Esther is an entrepreneur who created a nursery, tea garden & guesthouse.

She came to Somerset East to work as a nurse at the local Andries Vosloo Hospital.

Her parents had recently located to this beautiful area, from Queenstown.

She was young and full of optimism.

She fell in love.

Raised a family.

Witnessed them growing up into adults.

Following their own optimism into the world.

Esther’s nursery is a wonderful surprise.

Lots of indigenous plants.

The hope of life which might grow & bear fruit, alive in everything.

Typically, in the world we inhabit, a tree does not enjoy its own fruit.

It is reaped.

To be enjoyed somewhere else.

By someone else.

It is the sadness we encounter in so many places as we explore the Blue Crane Route.

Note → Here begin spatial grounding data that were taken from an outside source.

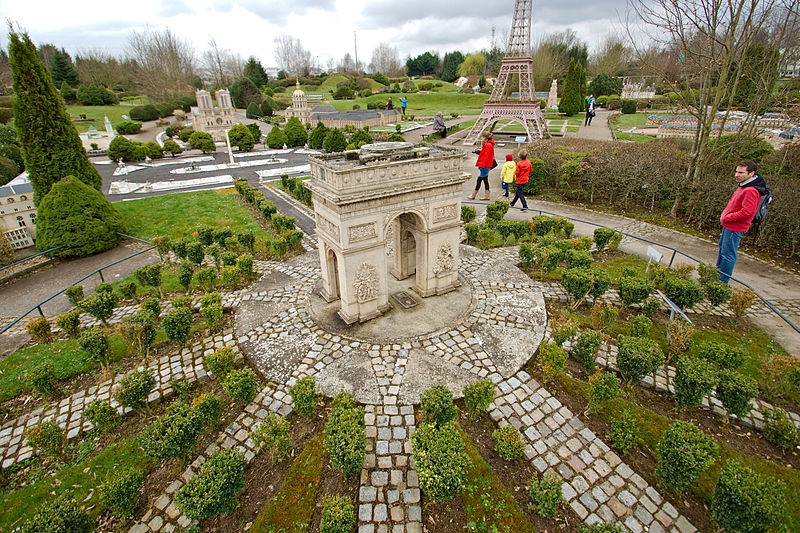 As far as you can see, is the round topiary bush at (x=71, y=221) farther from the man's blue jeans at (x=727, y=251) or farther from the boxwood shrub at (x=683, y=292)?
the man's blue jeans at (x=727, y=251)

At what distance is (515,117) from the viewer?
1414 inches

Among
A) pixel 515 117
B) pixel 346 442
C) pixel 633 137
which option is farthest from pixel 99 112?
pixel 346 442

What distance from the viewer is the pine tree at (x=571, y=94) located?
→ 52812 millimetres

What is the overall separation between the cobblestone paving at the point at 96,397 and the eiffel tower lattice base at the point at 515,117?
3338 cm

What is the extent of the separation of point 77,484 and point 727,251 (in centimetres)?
1784

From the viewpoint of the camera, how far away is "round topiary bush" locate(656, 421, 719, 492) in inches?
236

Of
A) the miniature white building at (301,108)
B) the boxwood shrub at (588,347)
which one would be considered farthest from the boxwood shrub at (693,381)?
the miniature white building at (301,108)

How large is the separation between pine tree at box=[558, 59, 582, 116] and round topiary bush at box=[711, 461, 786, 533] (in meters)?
58.0

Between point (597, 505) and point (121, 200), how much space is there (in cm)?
3066

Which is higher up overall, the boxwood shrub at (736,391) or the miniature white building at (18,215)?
the miniature white building at (18,215)

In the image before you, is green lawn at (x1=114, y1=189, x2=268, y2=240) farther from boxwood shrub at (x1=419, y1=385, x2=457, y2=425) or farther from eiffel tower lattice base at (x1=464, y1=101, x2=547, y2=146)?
eiffel tower lattice base at (x1=464, y1=101, x2=547, y2=146)

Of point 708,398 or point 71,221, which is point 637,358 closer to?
point 708,398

Children who grew up with Boschberg always watching.

Children becoming adults.

Venturing far away to exotic destinations.

Seeking opportunity.

Trying to make it.

In their own way.

In the world.

Liza’s children are teenagers.

They’re studying at Gill-College.

Gill is the heartbeat of Somerset East.

An exceptional school, built over decades, by dedicated teachers & principals.


Futures nurtured.

Esther’s children learnt there as well.

Liza’s husband contributes to the filling of our countries food-basket.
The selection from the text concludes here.